Add all the ingrediants to a food processor or blender. That’s right, everybody in the pool except the salt and pepper. Pulse first, then blend until smooth. The parsley turns the dip a lovely pale green color. If you prefer the white color, then simply fold in minced parlsey after blending, or be a punk and leave it out entirely. As for salt, I recommend using a good quality finishing salt, such as maldon or gray salt. Be sure to taste pre-salting. Those bean canners can sometimes go overboard on the sodium.
So that’s it. Garnish, serve, and lavish in the praise of your guests, you domestic yum goddess, you.

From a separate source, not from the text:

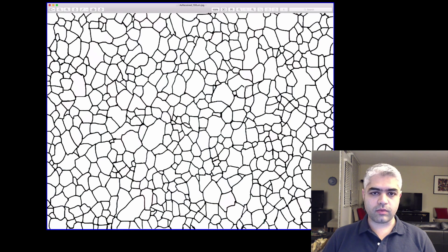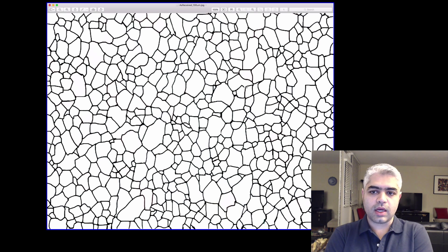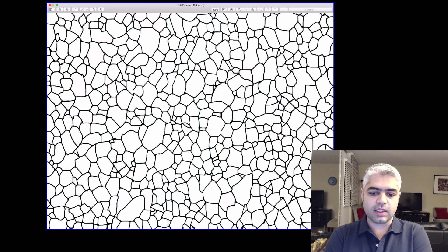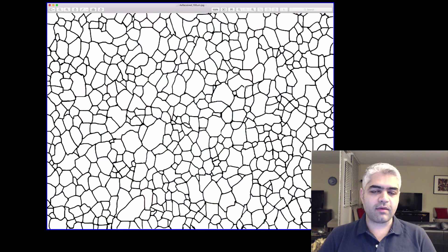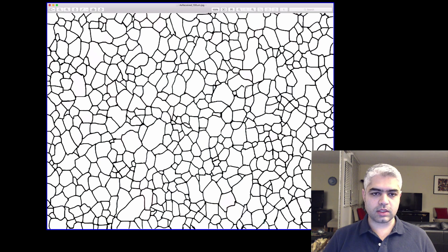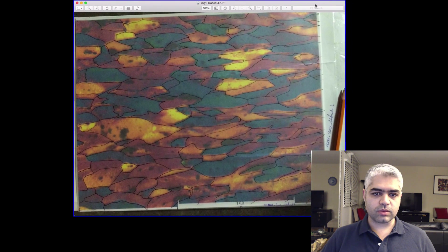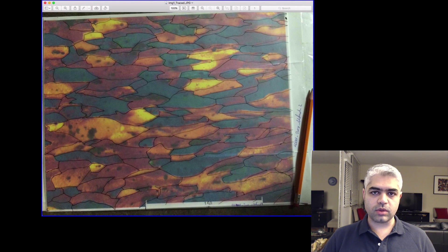The matrix should be white and the grain boundaries should be black. This is the way that I've made this code. You can inverse your image easily in any software or add an inverse function inside this code. I also need to have the deformed structure.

2 Comments for Roasted Garlic and White Bean Dip
keebot | September 16, 2008 at 4:54 pm
veronica | February 25, 2009 at 12:03 pm
I ate this dish. And I can say with all confidence that it was outrageously and amazingly delicious. The roasted garlic really made it shine. Any time you want to re-create this, Gwen, I’ll be first in line.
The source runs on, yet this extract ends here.